This empirical study is concerned with examining the relation between tempo and expressive timing in music performance. The participants were asked to listen to ten sound examples (in their genre of preference) and to indicate which example was an original recording and which was a tempo-transformed version (i.e., a slowed-down or speeded-up version of the original).
Two hypotheses will be considered: the relational invariance hypothesis and the tempo-specific timing hypothesis. The first hypothesis predicts no significant difference in responses to the original and tempo-transformed excerpts: both excerpts will sound equally natural, so that the respondents will consider both versions musically plausible performances, and, consequently, just guess what is an original recording.
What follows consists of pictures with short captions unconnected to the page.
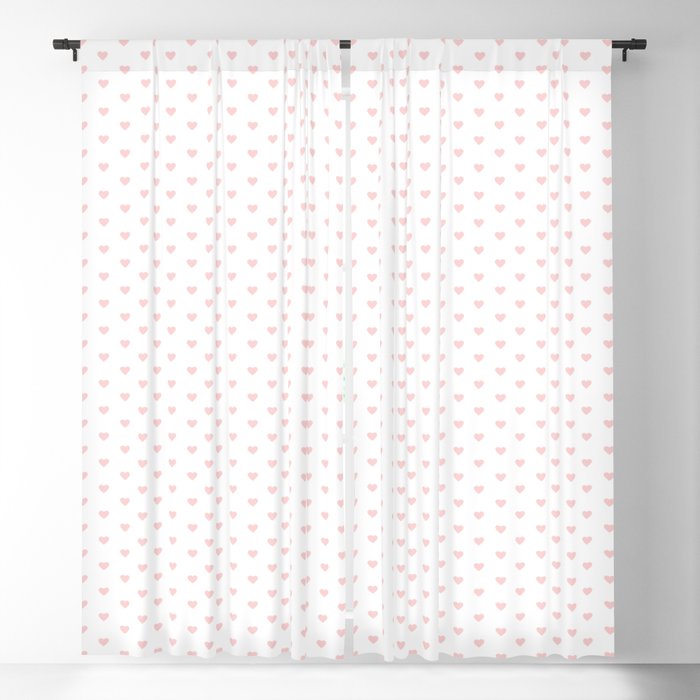 Small Pastel Pink heart pattern Blackout Curtain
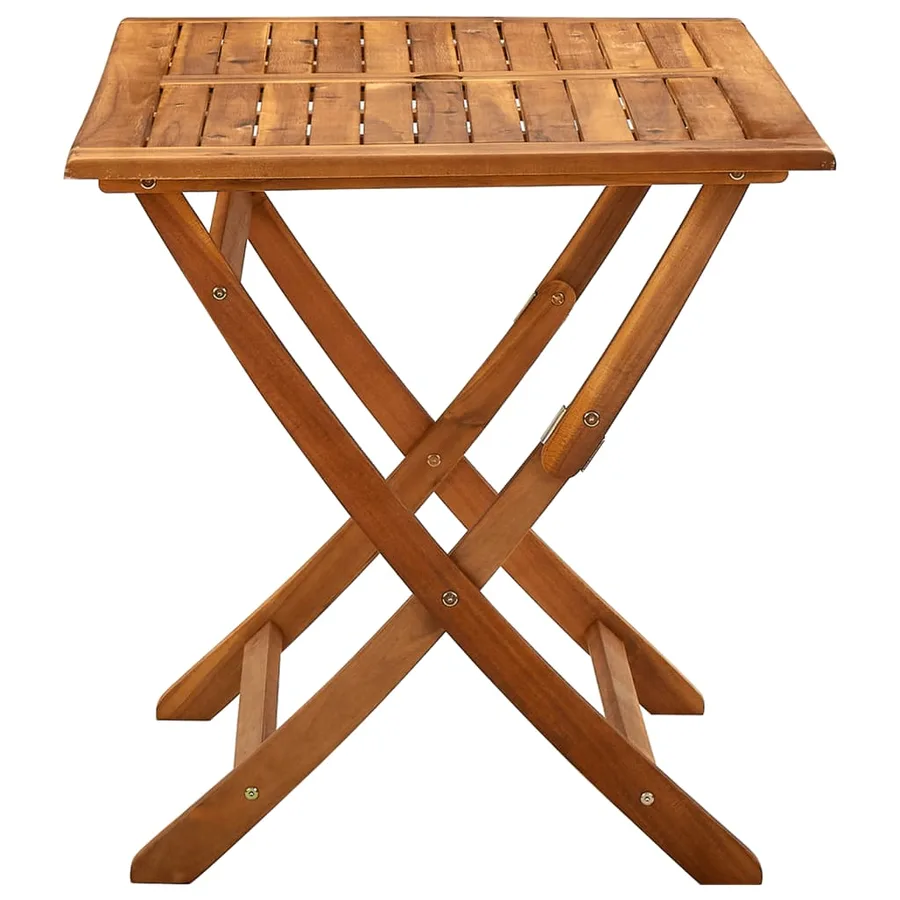 Table de jardin pliable 120x70x75 cm Bois d'acacia massif - 3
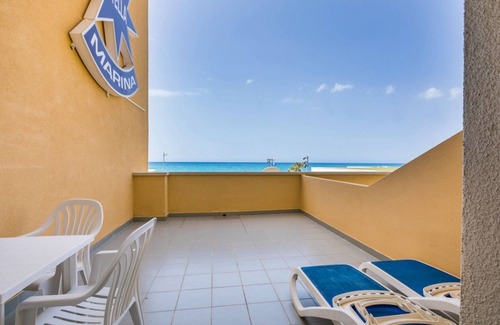 Marina di Cecina House | Stella Marina double room with frontal sea view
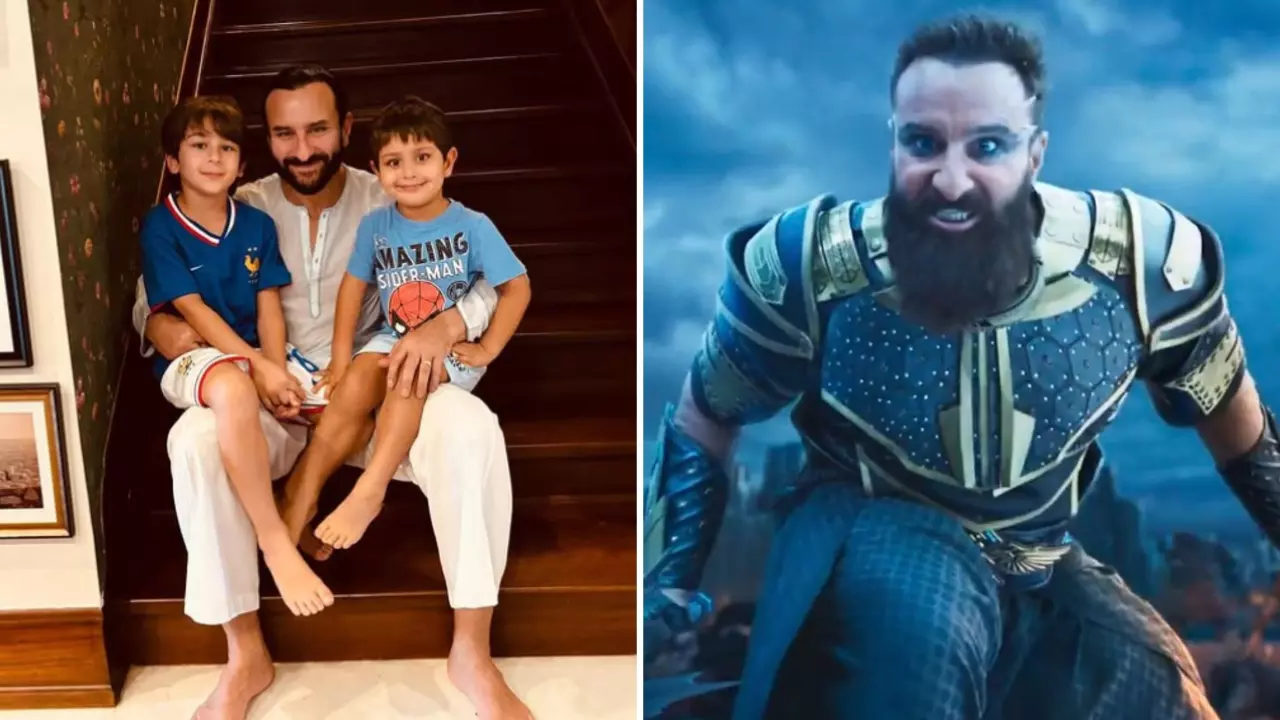 तैमूर को Adipurush दिखाने के बाद Saif Ali Khan को बेटे से मांगनी पड़ी माफी, कहा- वो फिल्म देखकर हैरान था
The second hypothesis is based on the idea that expressive timing in music performance (defined as the local deviations from isochrony and/or more global changes in tempo) is intrinsically related to global tempo. When expressive timing is simply scaled proportionally to another tempo this may make the performance sound awkward or unnatural, and hence easier to identify as an tempo-transformed version.
The results of a pilot study (N=307) indicate that a significant majority of the participants could indicate what was as an original and what a tempo-transformed version. The results suggest that expressive timing can function as a clue in identifying a real performance. These results are discussed in the context of whether there is perceptual invariance of expressive timing under tempo transformation.